Fast email parsing utilities for extracting headers, message bodies, and cleaning bloat headers. Available as both standalone binaries and bash loadable builtins.

**Features:**
- Professional directory structure (src/, scripts/, man/, examples/, tools/, build/)
- Clean separation of source code and build artifacts
- Comprehensive test suite with 632 real-world email files
- Automated installation with dependency management
- Bash completions for all utilities (tab completion for options and files)

## Purpose and Use Cases

These utilities solve common email processing challenges in scripts and automation:

**Use Cases:**
- **Email archival**: Strip bloat headers before archiving to reduce storage by ~20% (mailheaderclean)
- **Email parsing**: Extract sender, subject, dates from mailbox files (mailheader + parsing)
- **Mailbox processing**: Process thousands of emails efficiently with bash builtins (10-20x faster)
- **Email splitting**: Separate headers from body for independent processing
- **Privacy**: Remove tracking headers and metadata before forwarding emails
- **Thunderbird integration**: Clean emails while preserving client-specific headers
- **Batch operations**: Clean entire directories of emails in-place

**Why these tools?**
- **Performance**: Bash builtins eliminate fork/exec overhead (~1-2ms → ~0.1ms per call)
- **Simplicity**: Single-purpose utilities that do one thing well
- **RFC 822 compliance**: Proper handling of header continuation lines
- **Flexibility**: Dual implementation (binaries + builtins) for different contexts
- **No dependencies**: Pure C, minimal external requirements

**Comparison with alternatives:**
- **vs formail/reformail**: Focused specifically on header/body extraction and cleaning
- **vs python/perl**: No interpreter overhead, much faster for batch processing
- **vs awk/sed**: Built-in RFC 822 support, easier to use correctly

## Utilities

### mailheader
Extracts email headers (everything up to the first blank line).

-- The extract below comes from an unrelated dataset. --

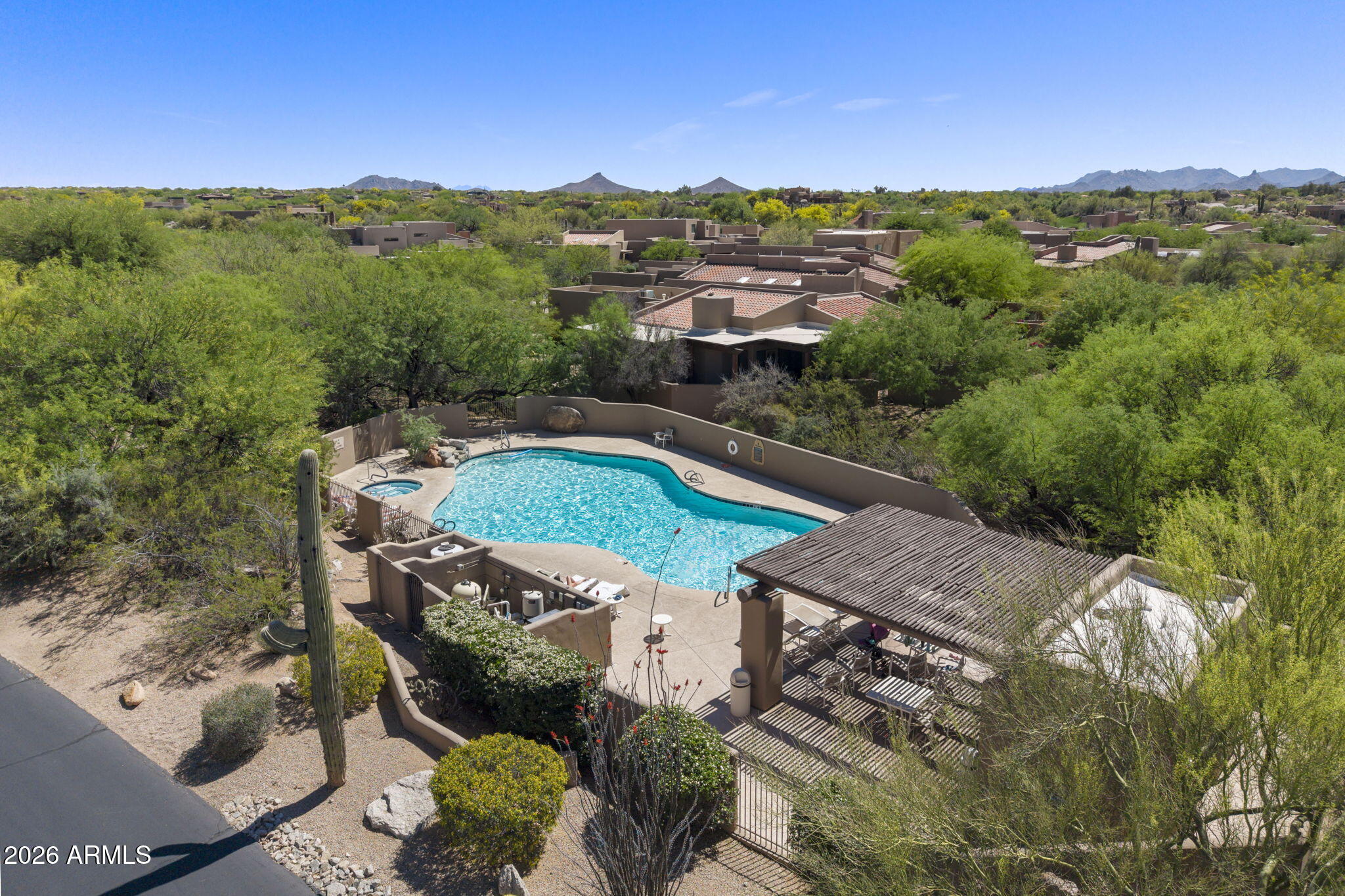 9229 E WHITETHORN Circle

- Handles RFC 822 continuation lines (joins lines starting with whitespace)
- Normalizes formatting (removes `\r`, converts tabs to spaces)
- Available as binary and builtin

```bash
mailheader email.eml
mailheader -h # Show help
```

### mailmessage
Extracts email message body (everything after the first blank line).

- Skips the header section entirely
- Preserves message formatting
- Available as binary and builtin

```bash
mailmessage email.eml
mailmessage -h # Show help
```

### mailheaderclean
Filters non-essential email headers from complete email files.

- Removes ~207 bloat headers (Microsoft Exchange, security vendors, tracking, etc.)
- Keeps only the first "Received" header
- Preserves essential routing headers and complete message body
- Supports flexible header filtering via environment variables
- Available as binary and builtin

```bash
mailheaderclean email.eml > cleaned.eml
mailheaderclean -l # List active removal headers
mailheaderclean -h # Show help
```

**Environment variables** (processed in this order):
1. `MAILHEADERCLEAN`: Replace entire removal list with custom headers (or use built-in if not set)
2. `MAILHEADERCLEAN_PRESERVE`: Exclude specific headers from removal (e.g., for Thunderbird features)
3. `MAILHEADERCLEAN_EXTRA`: Add additional headers to the removal list

**Formula:** `(MAILHEADERCLEAN or built-in) - PRESERVE + EXTRA`

**Wildcard patterns supported** (shell glob syntax):
- `X-*` - Match any header starting with X-
- `*-Status` - Match any header ending with -Status
- `X-MS-*` - Match any header starting with X-MS-
- `X-*-Status` - Match X- followed by anything, ending in -Status

### mailgetaddresses
Bash script that extracts email addresses from From, To, and Cc headers in email files.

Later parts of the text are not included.